In June, the PERL study (Preventing Early Renal Loss) was published in the New England Journal of Medicine. The research group of Michael Maurer (University of Minnesota, Minneapolis, USA) investigated whether lowering serum uric acid levels with allopurinol can delay the progression of kidney disease in type 1 diabetics with mild to moderate diabetic nephropathy. In the double-blind trial, 267 patients were randomly assigned to allopurinol and 263 to placebo. They were 51.1 years old on average and had had diabetes for 34.6 years.
Over the observation period of three years, the uric acid concentration under placebo remained constant at 6.1 mg/dl. Under allopurinol, the uric acid level dropped to 3.9 mg/dl and rose again to 5.9 mg/dl after a two-month washout period. Using two methods of GFR measurement, there was no difference between the placebo and allopurinol groups. After the washout period, albumin excretion in urine was 40% higher in the allopurinol group than in the placebo group.

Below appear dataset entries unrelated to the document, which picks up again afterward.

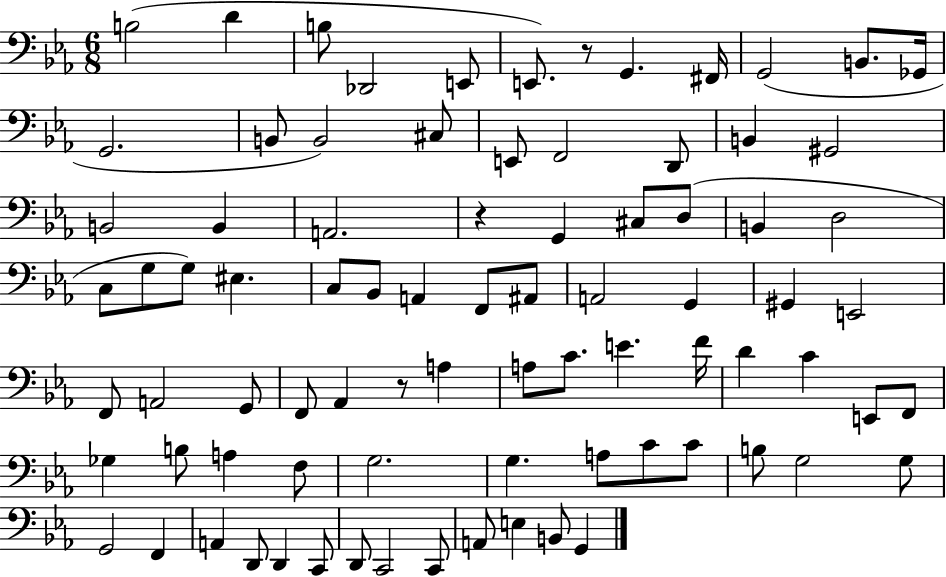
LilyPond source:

{
  \clef bass
  \numericTimeSignature
  \time 6/8
  \key ees \major
  b2( d'4 | b8 des,2 e,8 | e,8.) r8 g,4. fis,16 | g,2( b,8. ges,16 | \break g,2. | b,8 b,2) cis8 | e,8 f,2 d,8 | b,4 gis,2 | \break b,2 b,4 | a,2. | r4 g,4 cis8 d8( | b,4 d2 | \break c8 g8 g8) eis4. | c8 bes,8 a,4 f,8 ais,8 | a,2 g,4 | gis,4 e,2 | \break f,8 a,2 g,8 | f,8 aes,4 r8 a4 | a8 c'8. e'4. f'16 | d'4 c'4 e,8 f,8 | \break ges4 b8 a4 f8 | g2. | g4. a8 c'8 c'8 | b8 g2 g8 | \break g,2 f,4 | a,4 d,8 d,4 c,8 | d,8 c,2 c,8 | a,8 e4 b,8 g,4 | \break \bar "|."
}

The results thus showed no benefit of uric acid reduction with allopurinol in type 1 diabetics with mild to moderate diabetic nephropathy. However, this study again mainly included older patients who were in the irreversible second stage according to the two-stage hypothesis proposed by Daniel I. Feig.
Symposium "Uric acid: a biomarker or risk factor for disease - the answer is here! Virtual EASD Annual Meeting 2020. p36.